ECLI:NL:CRVB:2017:2155
Centrale Raad van Beroep
- Hoger beroep
- Rechtspraak.nl
Intrekking en terugvordering van bijstandsuitkering wegens schending inlichtingenverplichting
In deze zaak gaat het om de intrekking en terugvordering van bijstandsuitkeringen aan appellant, die sinds 3 mei 2010 bijstand ontving op basis van de Wet werk en bijstand (WWB). De Commissie Sociale Zekerheid heeft na een anonieme tip een onderzoek ingesteld naar de rechtmatigheid van de bijstandsverlening, waarbij is vastgesteld dat appellant werkzaamheden heeft verricht in het autobedrijf van zijn zoon zonder dit te melden. De commissie heeft op basis van deze bevindingen de bijstand over een periode van bijna vier jaar ingetrokken en een bedrag van € 69.379,20 teruggevorderd. Appellant heeft hiertegen bezwaar gemaakt, maar de commissie heeft dit ongegrond verklaard. De rechtbank heeft het beroep van appellant tegen dit besluit ongegrond verklaard, waarna appellant in hoger beroep is gegaan.

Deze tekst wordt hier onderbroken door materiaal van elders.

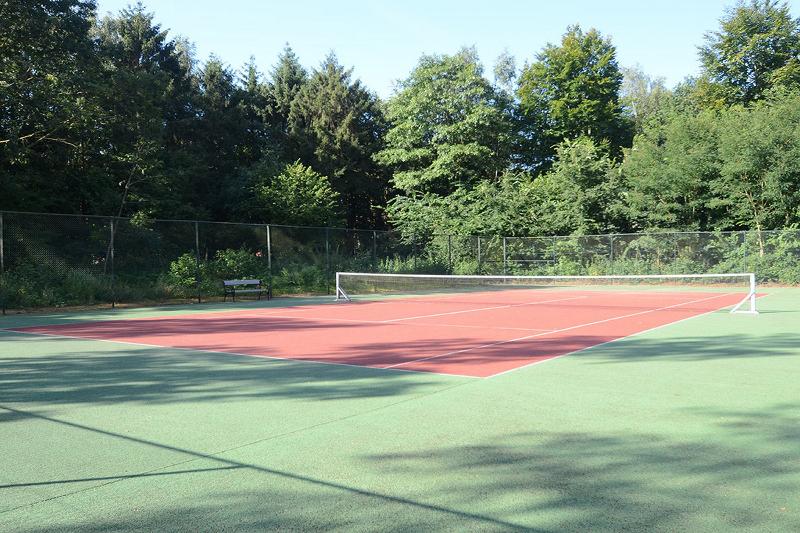 Fletcher Familiehotel De Hunzebergen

De Centrale Raad van Beroep heeft de zaak beoordeeld en vastgesteld dat appellant de op hem rustende inlichtingenverplichting heeft geschonden. De Raad oordeelt dat de door appellant overgelegde urenadministratie en bankafschriften onvoldoende zijn om het recht op bijstand vast te stellen. De Raad concludeert dat het hoger beroep niet slaagt en bevestigt de uitspraak van de rechtbank. De Raad wijst erop dat appellant niet in staat is geweest om een volledige en objectieve reconstructie van zijn werkzaamheden en inkomsten te geven, waardoor het recht op bijstand niet kan worden vastgesteld. De uitspraak is gedaan op 30 mei 2017.